## WHAT IS REQUIRED:
Repeat the data exactly. Pictures stay out.

## EXERCISE DATA:
:::

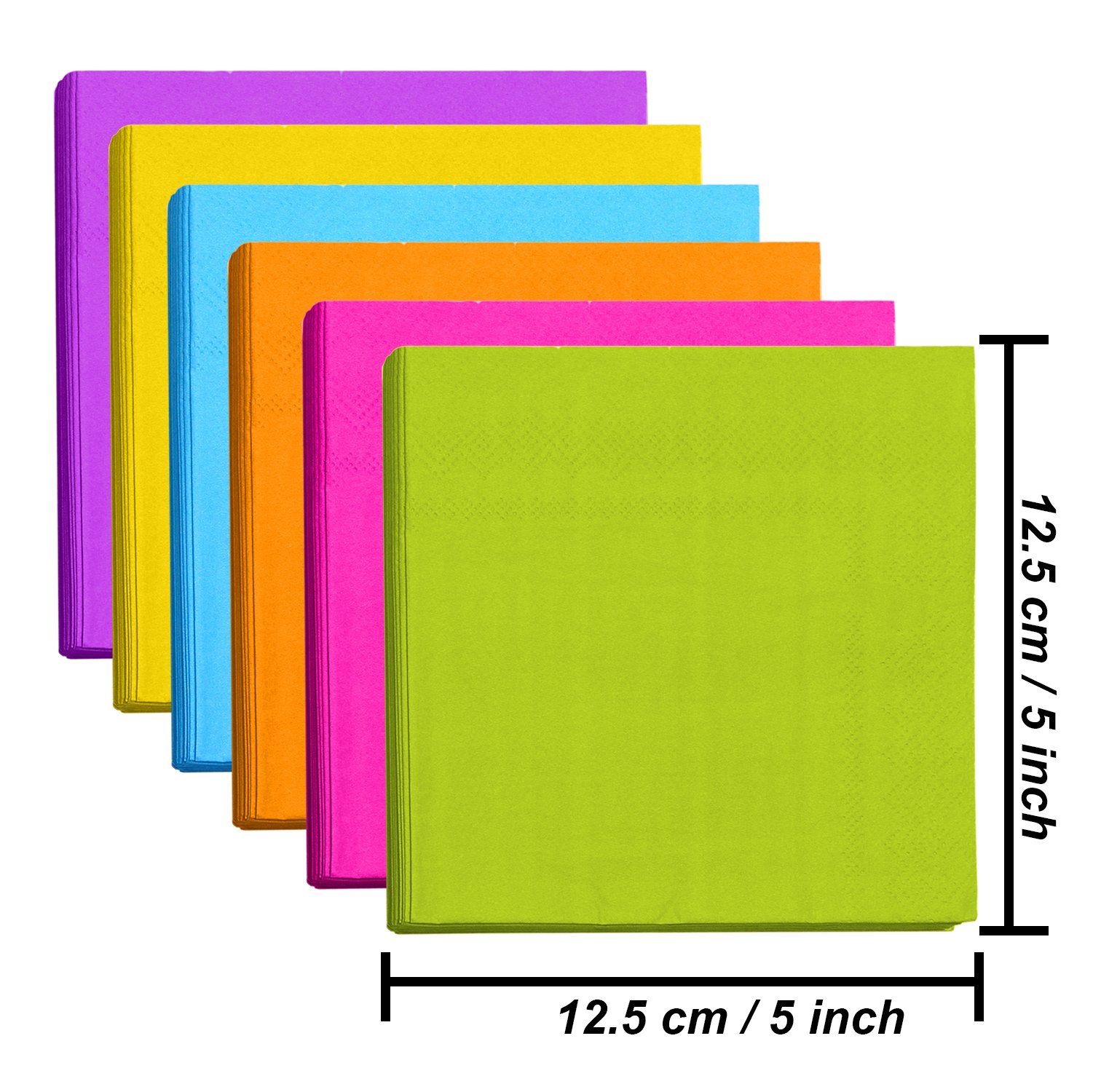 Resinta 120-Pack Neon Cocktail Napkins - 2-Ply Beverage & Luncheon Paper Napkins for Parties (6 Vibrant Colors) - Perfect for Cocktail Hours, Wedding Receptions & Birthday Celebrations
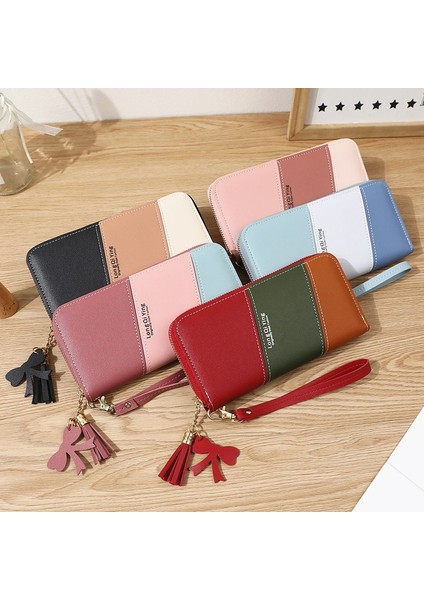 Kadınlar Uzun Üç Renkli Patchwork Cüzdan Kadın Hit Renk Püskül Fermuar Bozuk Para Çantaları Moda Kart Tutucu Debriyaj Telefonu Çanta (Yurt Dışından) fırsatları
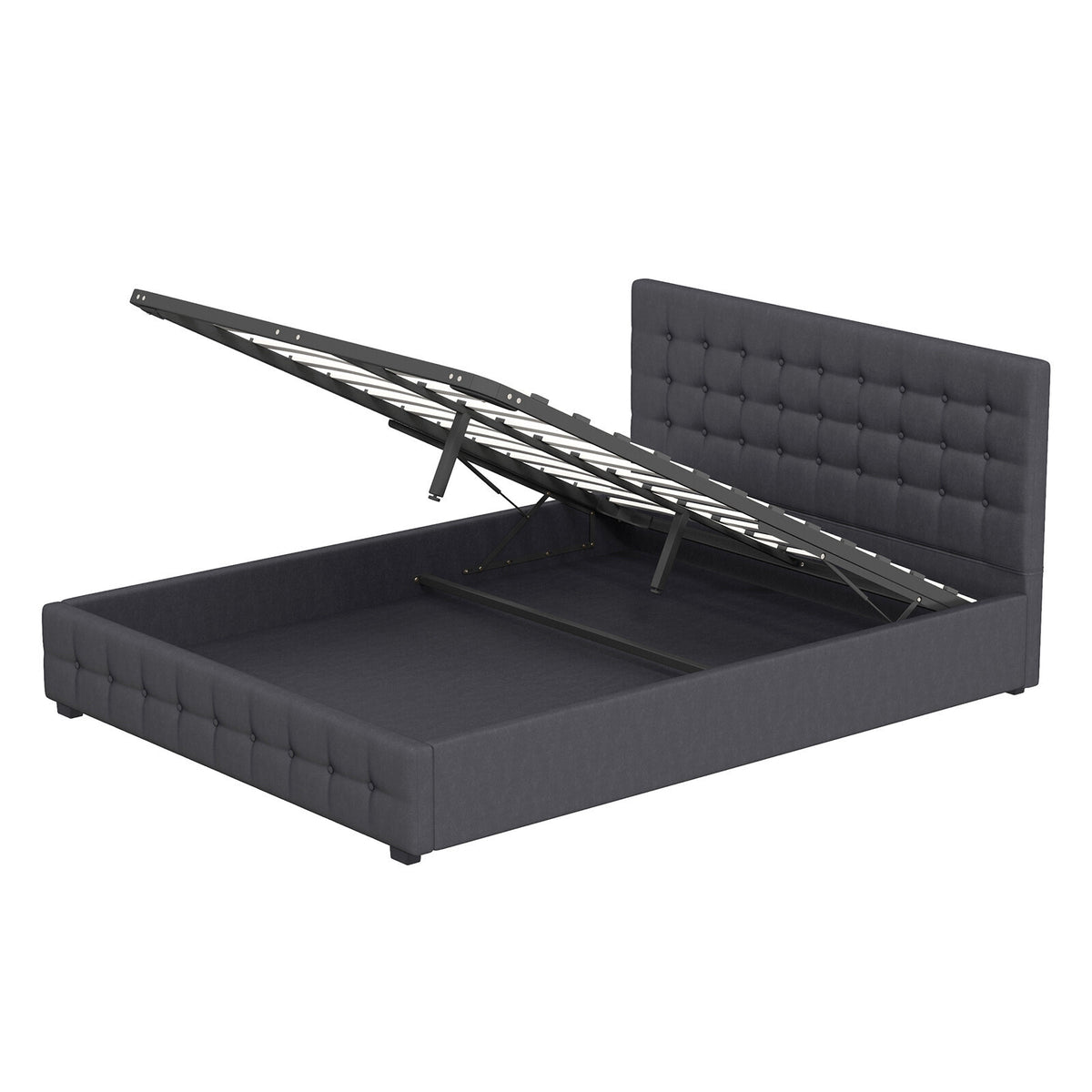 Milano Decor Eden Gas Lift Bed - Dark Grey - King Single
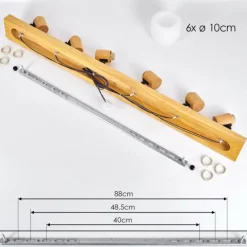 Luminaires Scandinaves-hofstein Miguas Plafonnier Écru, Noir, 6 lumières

:::

## SOLUTION FOR THIS TASK:
 Resinta 120-Pack Neon Cocktail Napkins - 2-Ply Beverage & Luncheon Paper Napkins for Parties (6 Vibrant Colors) - Perfect for Cocktail Hours, Wedding Receptions & Birthday Celebrations
 Kadınlar Uzun Üç Renkli Patchwork Cüzdan Kadın Hit Renk Püskül Fermuar Bozuk Para Çantaları Moda Kart Tutucu Debriyaj Telefonu Çanta (Yurt Dışından) fırsatları
 Milano Decor Eden Gas Lift Bed - Dark Grey - King Single
 Luminaires Scandinaves-hofstein Miguas Plafonnier Écru, Noir, 6 lumières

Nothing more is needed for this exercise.